MongoDB
Intro
- MongoDB is document oriented.
- MongoDB is schemaless.
- No joins, no transactions (scales horizontally)
Unlike in a relational database, you are not constrained to follow any particular schema. Do any:
- Begin inserting documents with the new schema.
- Perform a bulk update on the existing documents.
- Begin updating old documents to the new schema one by one at an appropriate event
(such as getting read from or written to), as coded in the application.
MongoDB does not support joins as a design decision because they do not scale horizontally, and it does not support SQL because that query language was built around joins and transactions
Building an App
Create a collection
use test
and save stuff to it (save will overwrite if an _id is given)
db.things.save({ a: 1, b : 1, fruit: ["apple", "orange", "pear"]})
db.mycol.save({_id: 1, title: "overview", url:'google.com', tags: [], likes:200 })
db.mycol.insert({title: "overview", url:'google.com', tags: ['uno', 'dos'], likes:100 })
delete records
db.mycol.remove({_id: 1})
filtering (&& is comma, || is $or)
db.mycol.find({"likes":100})
db.mycol.find({"likes":{$ne:101}, title: "overview"})
db.mycol.find({or: ["likes": {$gt:50},{"_id":{$nq: null}} ]})
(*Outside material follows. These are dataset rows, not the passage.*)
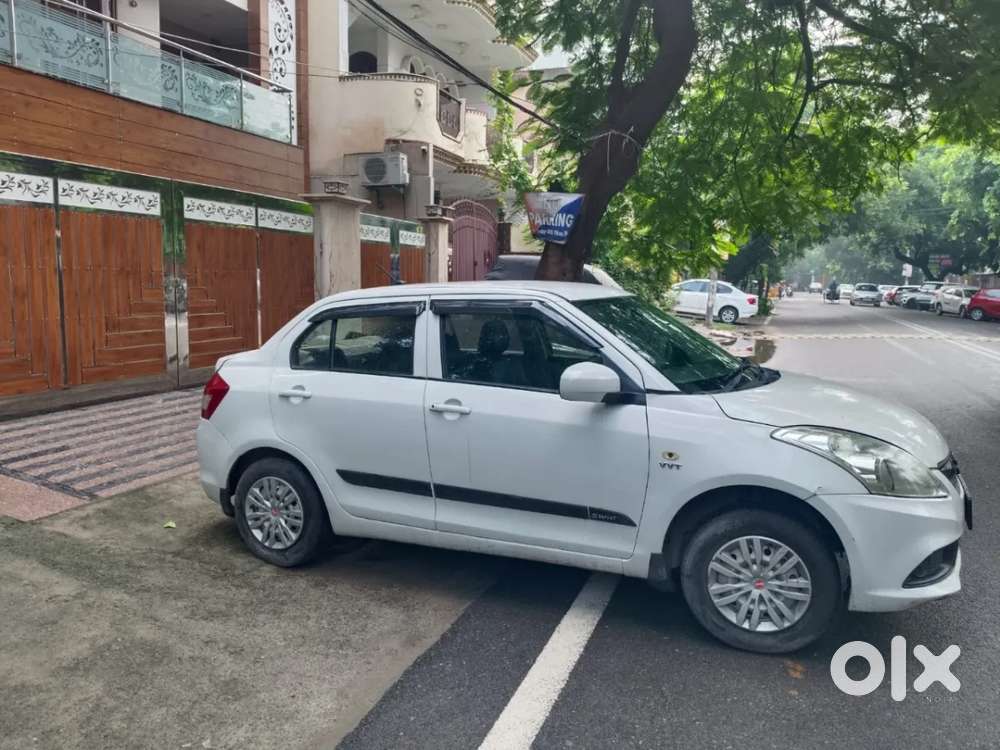 Maruti Suzuki Swift Dzire 1.2 Lxi Bsiv, 2017, Petrol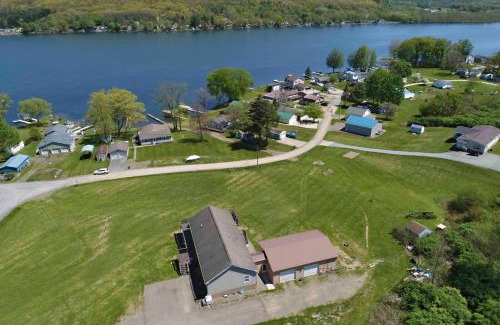 Hammondsport House | Experience Tiki on the Lake with Breathtaking Ocean Views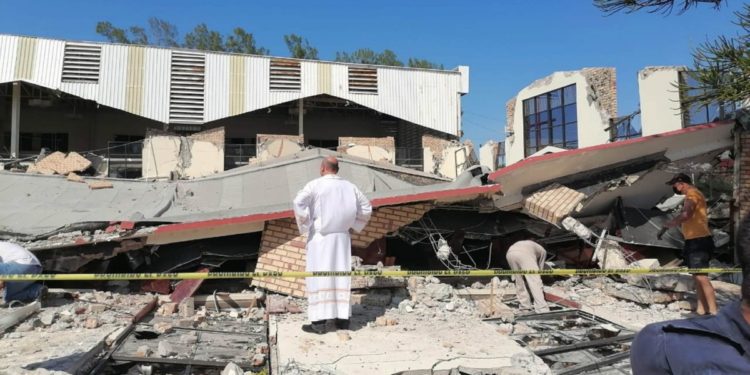 Se eleva la cifra a 11 muertos tras colapso del techo de una iglesia en Tamaulipas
db.mycol.find({"title": "overview", $or: [{"likes": {$gt:50}}, {"_id": {$ne: null}} ]})
other find functions
db.mycol.findOne()
Add anything to a collection as far is JSON (no quotes is OK)
db.things.find()
{ "_id" : ObjectId("5567d9251f523c3d2f2fc579"), "a" : 1, "b" : 2, "c" : 3 }
{ "_id" : ObjectId("5567d9571f523c3d2f2fc57a"), "a" : 3, "b" : 4, "c" : 3, "d" : 5 }
{ "_id" : ObjectId("5567dc45fd1f5b47c9886a05"), "a" : 1, "b" : 1, "fruit" : [ "apple", "orange", "pear" ] }
Better output
db.things.find().pretty()
{ "_id" : ObjectId("5567d9251f523c3d2f2fc579"), "a" : 1, "b" : 2, "c" : 3 }
{
"_id" : ObjectId("5567d9571f523c3d2f2fc57a"),
"a" : 3,
"b" : 4,
"c" : 3,
"d" : 5
}
{
"_id" : ObjectId("5567dc45fd1f5b47c9886a05"),
"a" : 1,
"b" : 1,
"fruit" : [
"apple",
"orange",
"pear"
]
}
{
"_id" : ObjectId("5567dd54bed3472b71fbf3fe"),
"name" : "andrew",
"address" : {
"street" : "elm drive",
"city" : "Palo Alto",
"zipcode" : "94126",
"houser_number" : 34
}
}
These are all valid JSON inputs
{ a : 1, b : 2, c : 3 }
{ a : 1, b : 2, c : [ 1, 2, 3, 4, 5 ] }
{ a : 1, b : { }, c : [ { a : 1, b : 2 }, 5, 6 ] }
{ }
Installing on Debian
Based on the official documentation mongodb.org
sudo apt-key adv --keyserver keyserver.ubuntu.com --recv 7F0CEB10
echo "deb http://repo.mongodb.org/apt/debian "$(lsb_release -sc)"/mongodb-org/3.0 main" | sudo tee /etc/apt/sources.list.d/mongodb-org-3.0.list
if not pre-installed
sudo apt-get install lsb-release
Install latest stable release
sudo apt-get install -y mongodb-org
Fire up mongod
sudo service mongod start
Troubleshooting
May need to remove lock data file
rm /var/lib/mongodb/mongod.lock
May need to set locales etc.
export LC_ALL=C
export LC_CTYPE="UTF-8"
export LANG="en_US.UTF-8"
About the 32-bit implementation
A note about the 32-bit implementation of MongoDB, if you're curious: It can safely handle up to around 2 GB of data, but if you do the math, 2^32 bytes = 4.3 gigabytes of data. Why the discrepancy? Well, the 4.3 GB is a good predictor of the largest total size of the data files you can get, but in fact, it is unlikely that a production implementation would be able to use even that much.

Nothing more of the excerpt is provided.